Pictures with short captions:

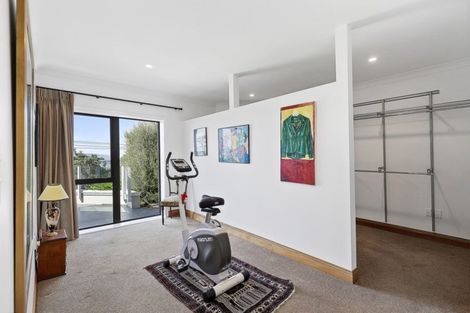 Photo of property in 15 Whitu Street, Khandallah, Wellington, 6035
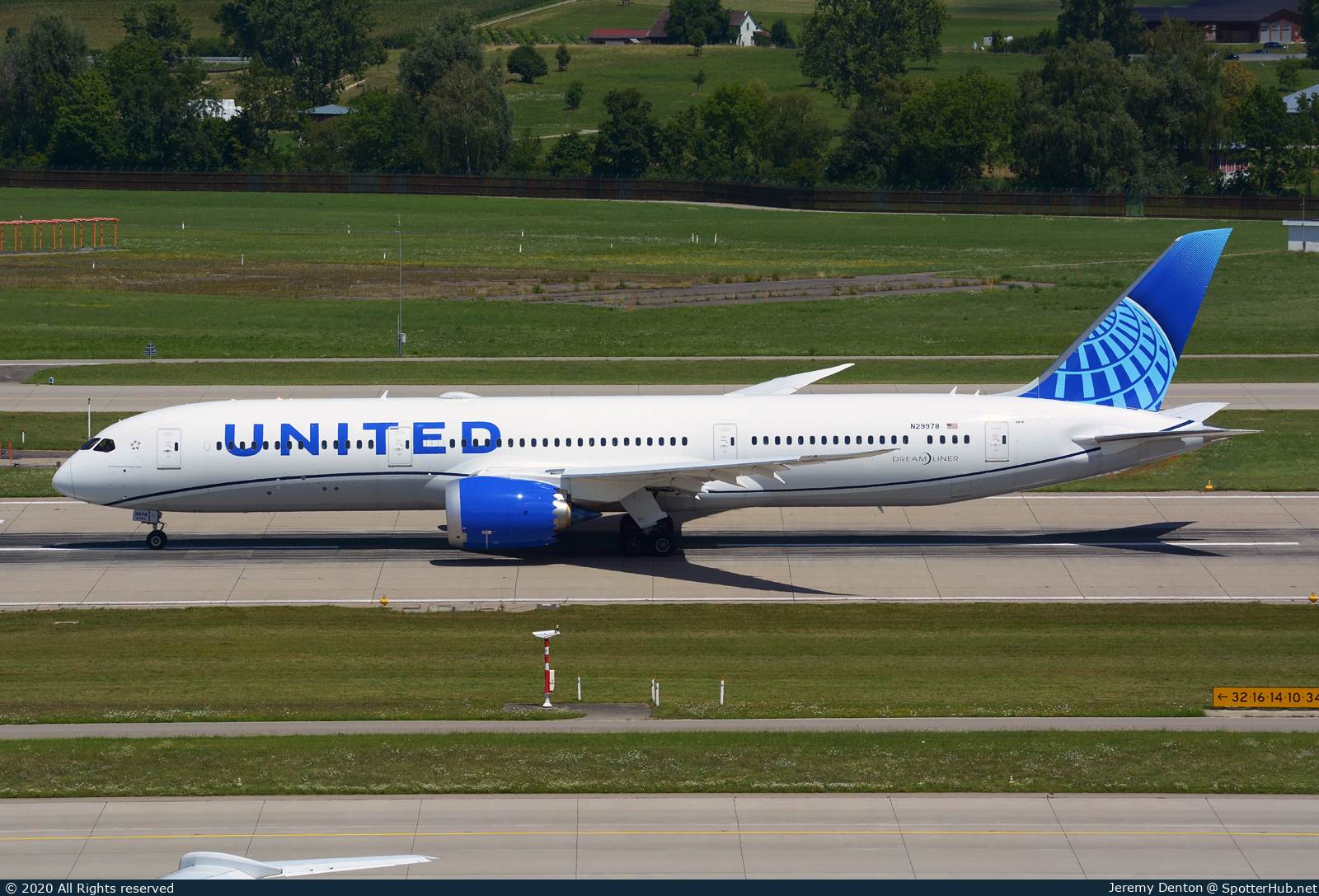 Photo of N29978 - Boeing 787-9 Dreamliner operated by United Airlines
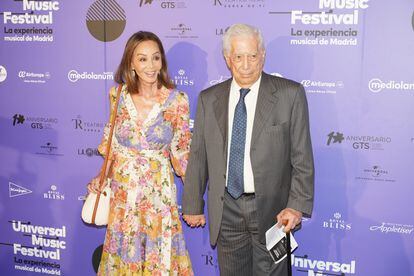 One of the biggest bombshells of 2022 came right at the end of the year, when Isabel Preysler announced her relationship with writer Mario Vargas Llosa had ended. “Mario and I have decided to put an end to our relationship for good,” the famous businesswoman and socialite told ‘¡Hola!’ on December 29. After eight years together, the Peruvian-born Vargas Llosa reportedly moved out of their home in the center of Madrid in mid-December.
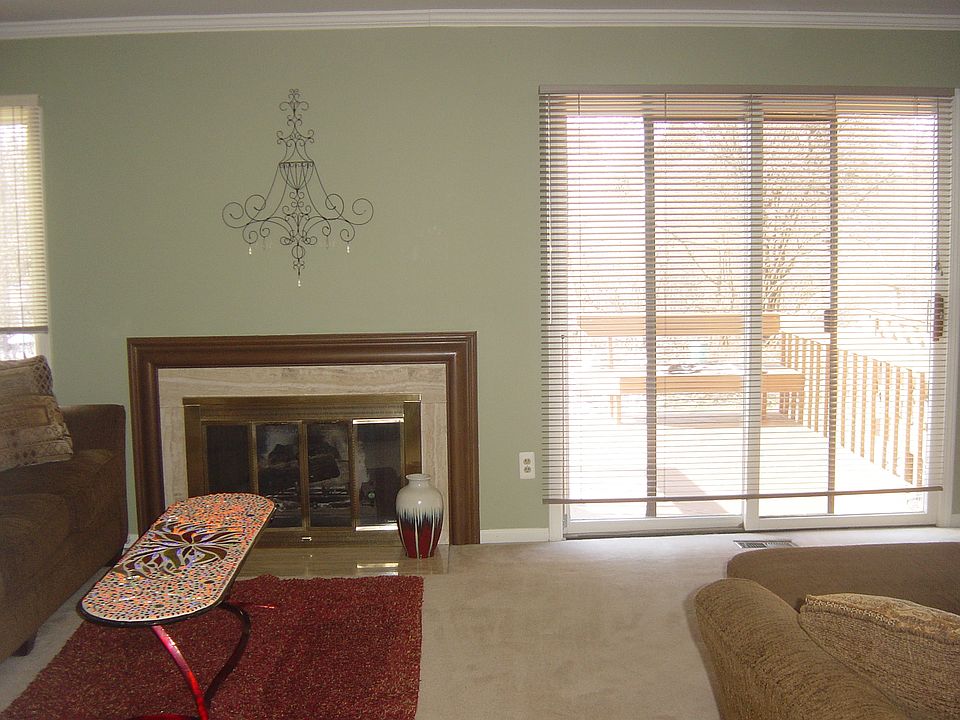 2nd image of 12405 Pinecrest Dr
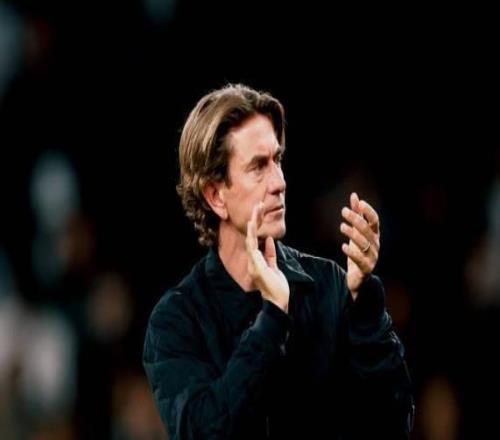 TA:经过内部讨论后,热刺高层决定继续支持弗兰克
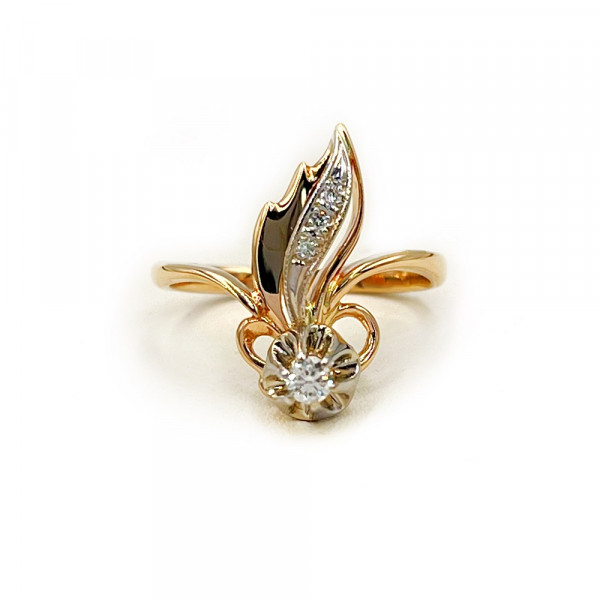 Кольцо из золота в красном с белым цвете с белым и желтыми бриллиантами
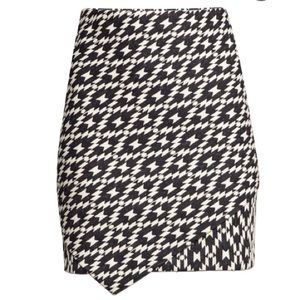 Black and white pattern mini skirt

* * *

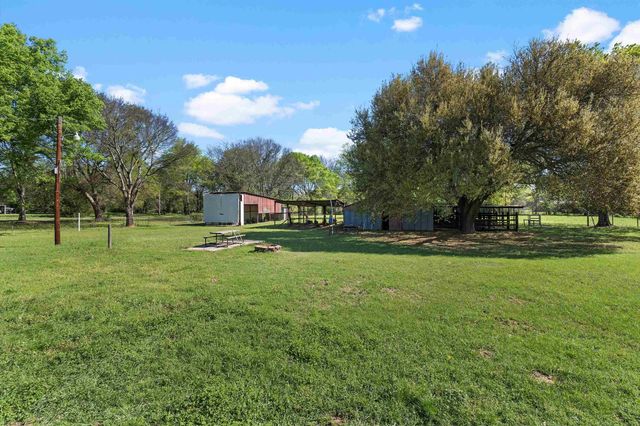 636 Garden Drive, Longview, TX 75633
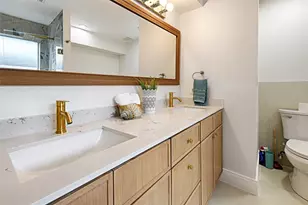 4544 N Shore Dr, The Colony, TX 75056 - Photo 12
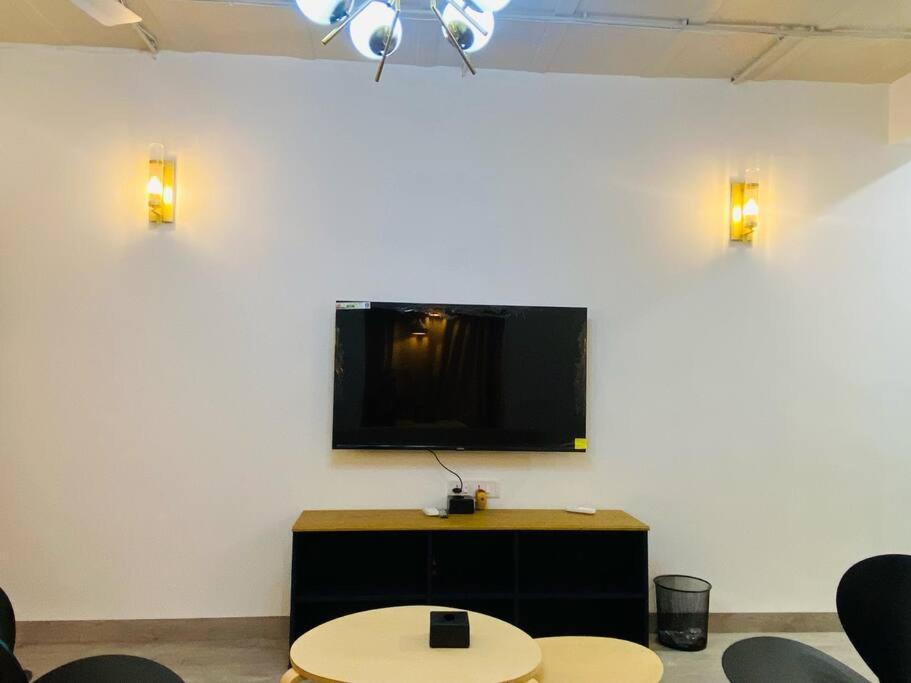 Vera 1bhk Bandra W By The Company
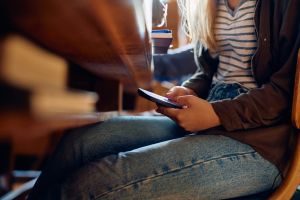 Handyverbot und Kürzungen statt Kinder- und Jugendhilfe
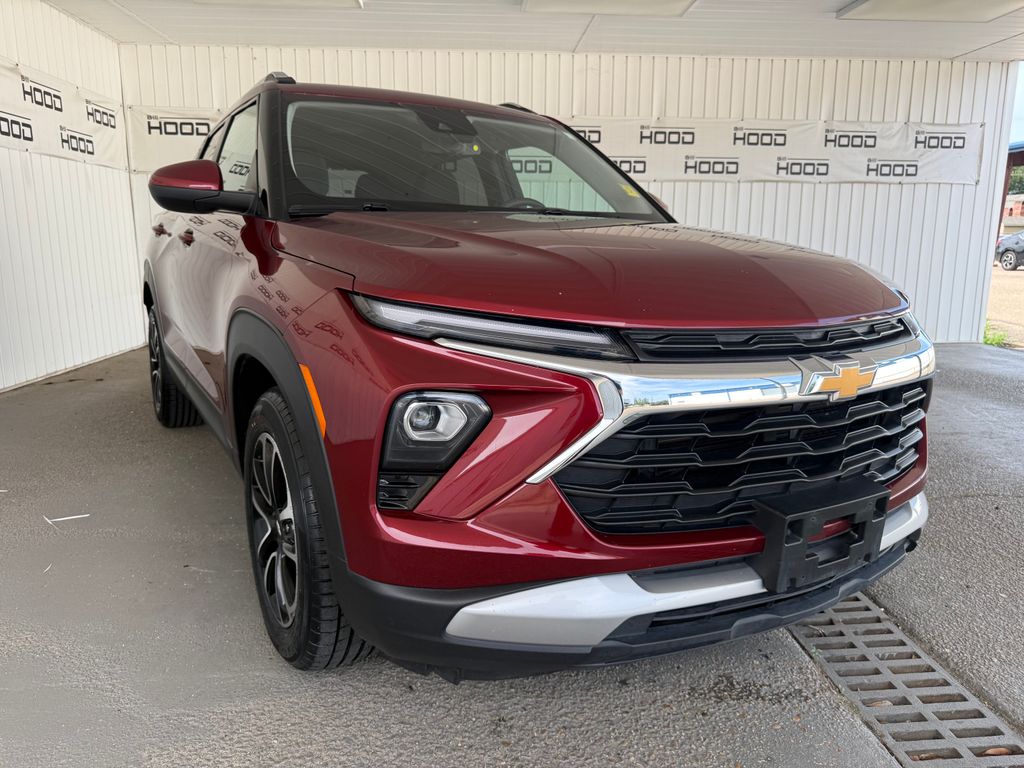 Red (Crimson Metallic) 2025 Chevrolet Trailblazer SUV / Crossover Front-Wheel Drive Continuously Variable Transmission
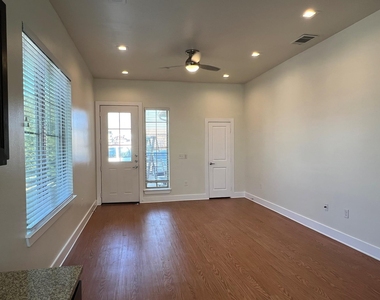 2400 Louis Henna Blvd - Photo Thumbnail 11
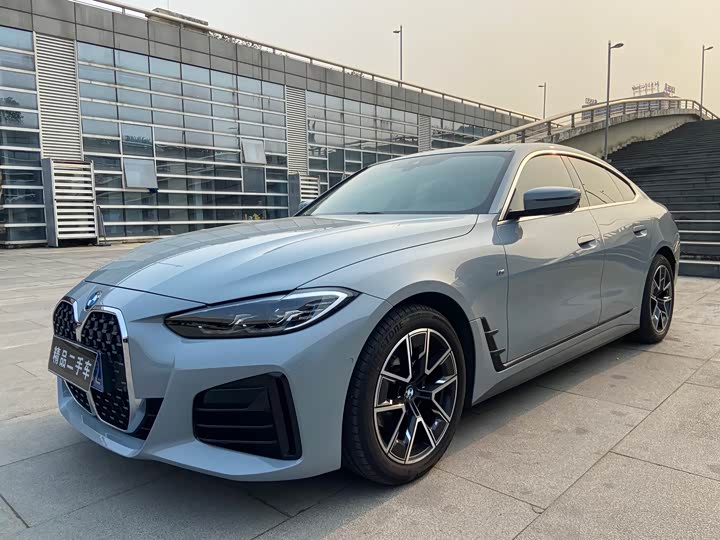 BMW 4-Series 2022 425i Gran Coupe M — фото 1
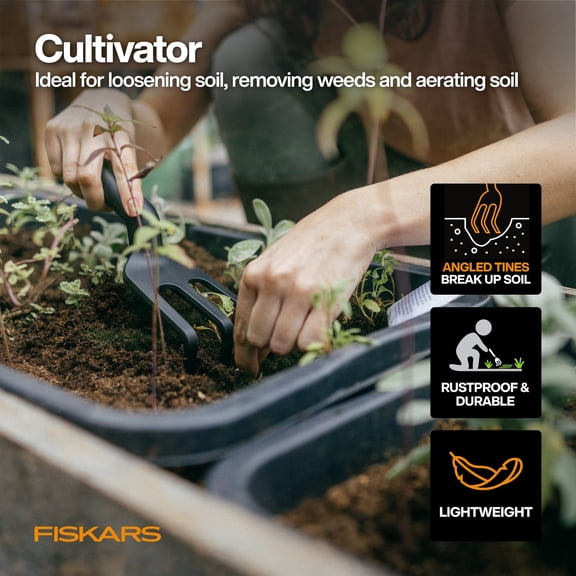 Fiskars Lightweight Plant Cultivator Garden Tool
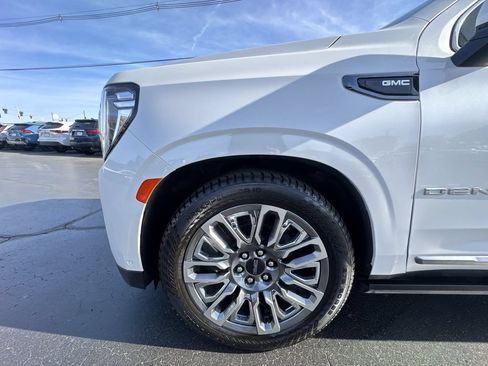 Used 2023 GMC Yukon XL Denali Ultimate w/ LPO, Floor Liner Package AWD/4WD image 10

Description of the task: Make an exact copy of the lines above, beginning with the line with "4544 N Shore" and ending with the line with "Used 2023 GMC", and keep the pictures out of it.

Your response:
 4544 N Shore Dr, The Colony, TX 75056 - Photo 12
 Vera 1bhk Bandra W By The Company
 Handyverbot und Kürzungen statt Kinder- und Jugendhilfe
 Red (Crimson Metallic) 2025 Chevrolet Trailblazer SUV / Crossover Front-Wheel Drive Continuously Variable Transmission
 2400 Louis Henna Blvd - Photo Thumbnail 11
 BMW 4-Series 2022 425i Gran Coupe M — фото 1
 Fiskars Lightweight Plant Cultivator Garden Tool
 Used 2023 GMC Yukon XL Denali Ultimate w/ LPO, Floor Liner Package AWD/4WD image 10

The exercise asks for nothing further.